Material shown
++++++++

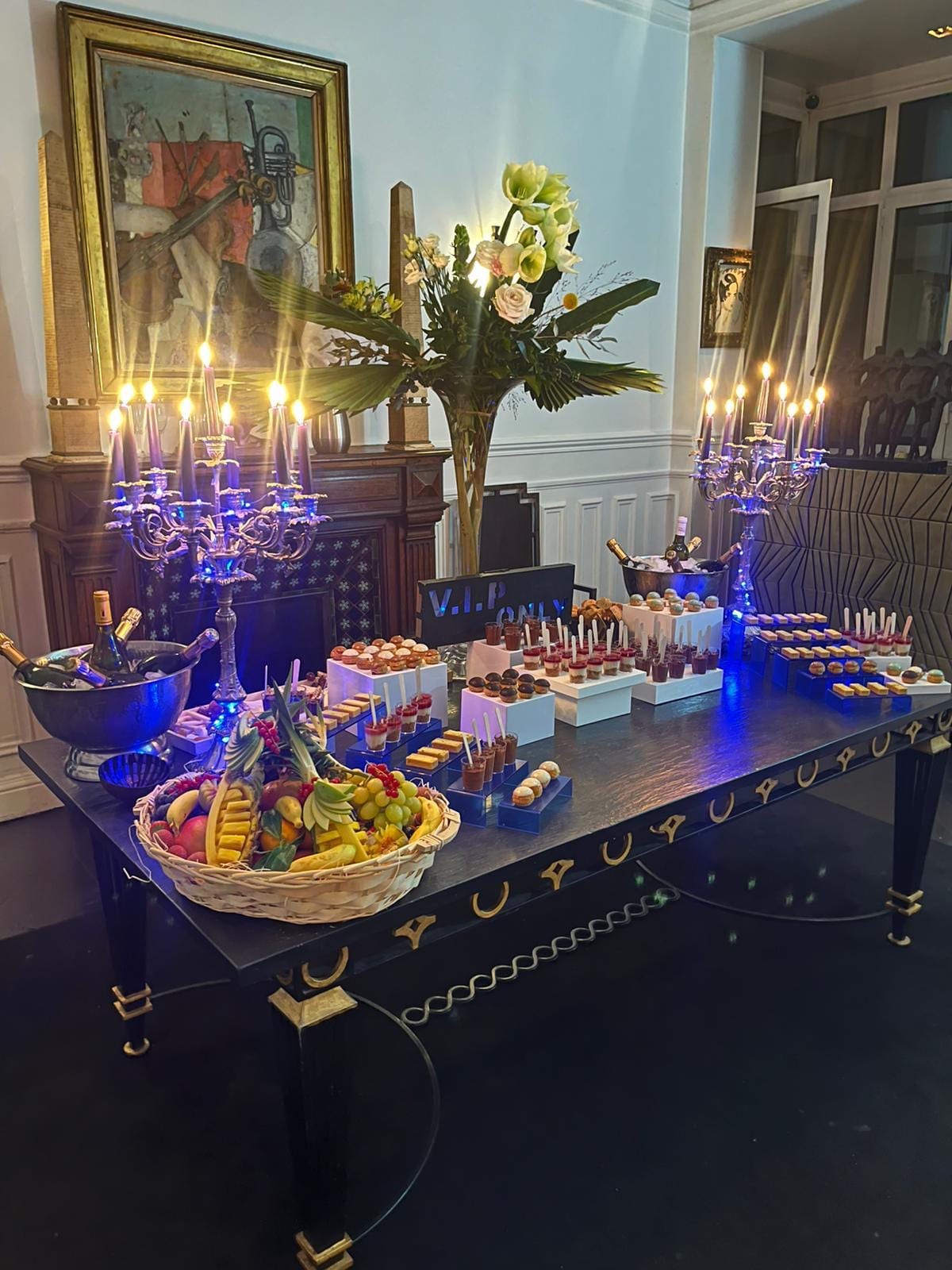 Buffet VIP — candélabres & corbeille de fruits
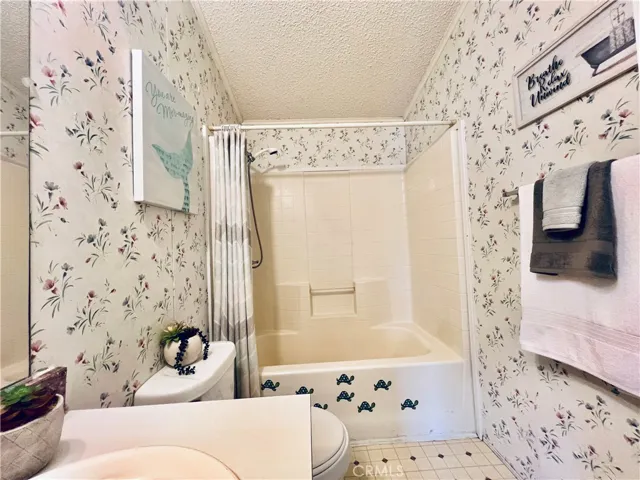 2nd bathroom - view 1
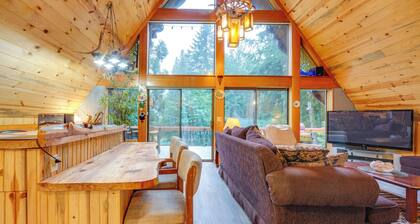 Explore Mt St Helens: A-frame Chalet w/ Deck!
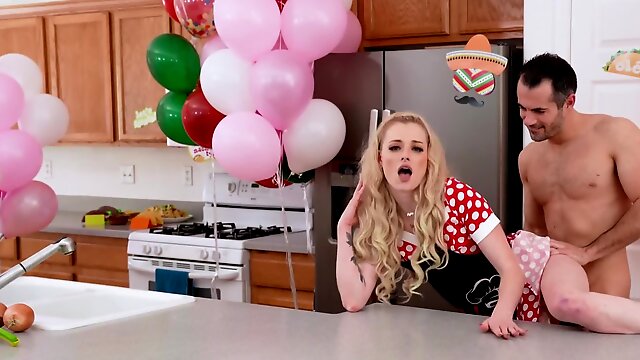 Brock Cooper and Hyley Winters are banging in the kitchen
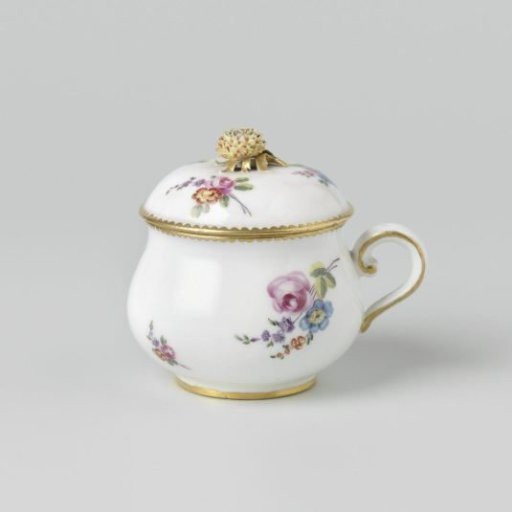Covered pot with bouquets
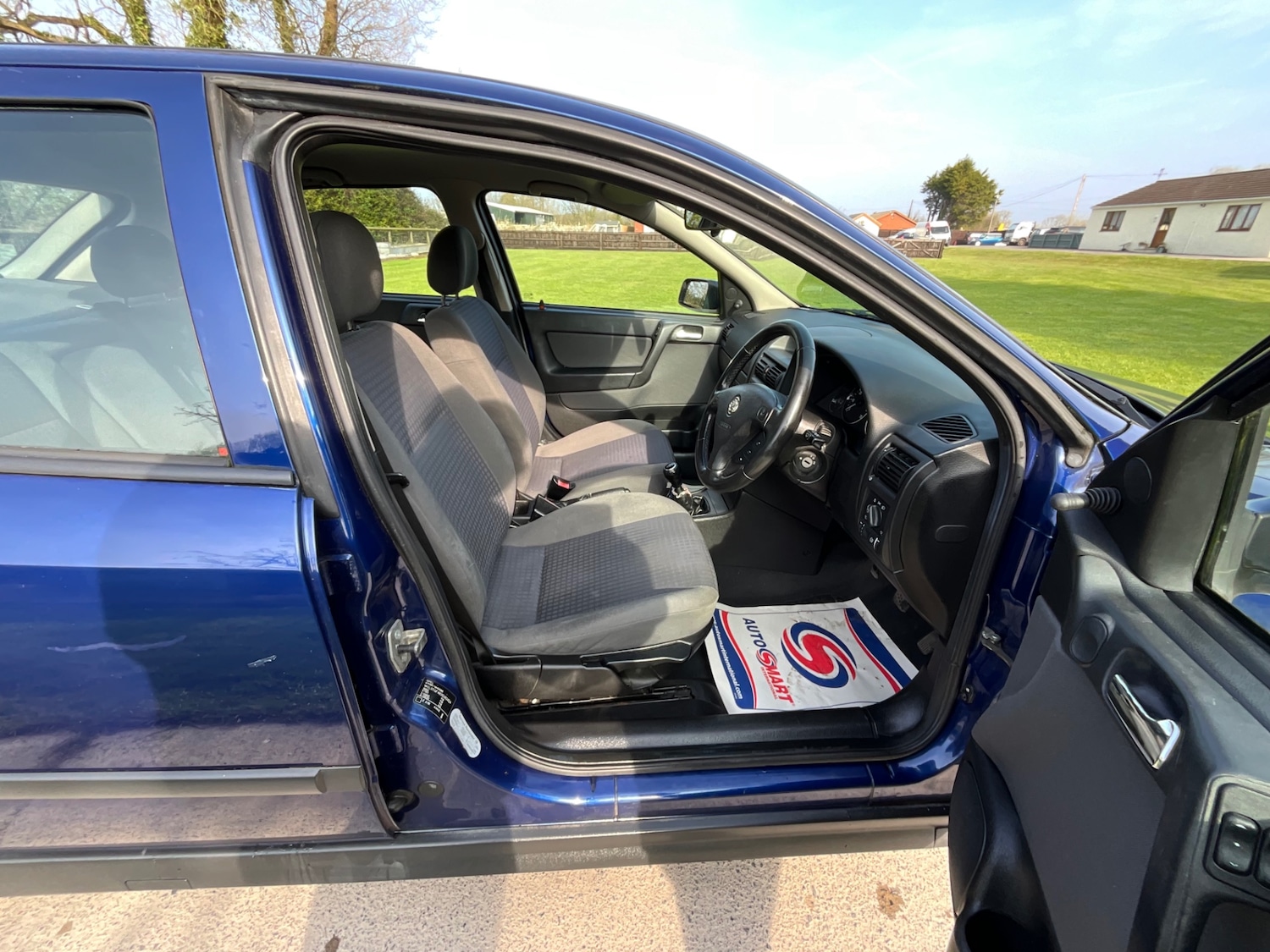 Used Vauxhall Astra 2003 for sale - 77977325: Photo 13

++++++++

Problem statement
The expected output is the full data above, reproduced exactly with no images.

Answer section
 Buffet VIP — candélabres & corbeille de fruits
 2nd bathroom - view 1
 Explore Mt St Helens: A-frame Chalet w/ Deck!
 Brock Cooper and Hyley Winters are banging in the kitchen
Covered pot with bouquets
 Used Vauxhall Astra 2003 for sale - 77977325: Photo 13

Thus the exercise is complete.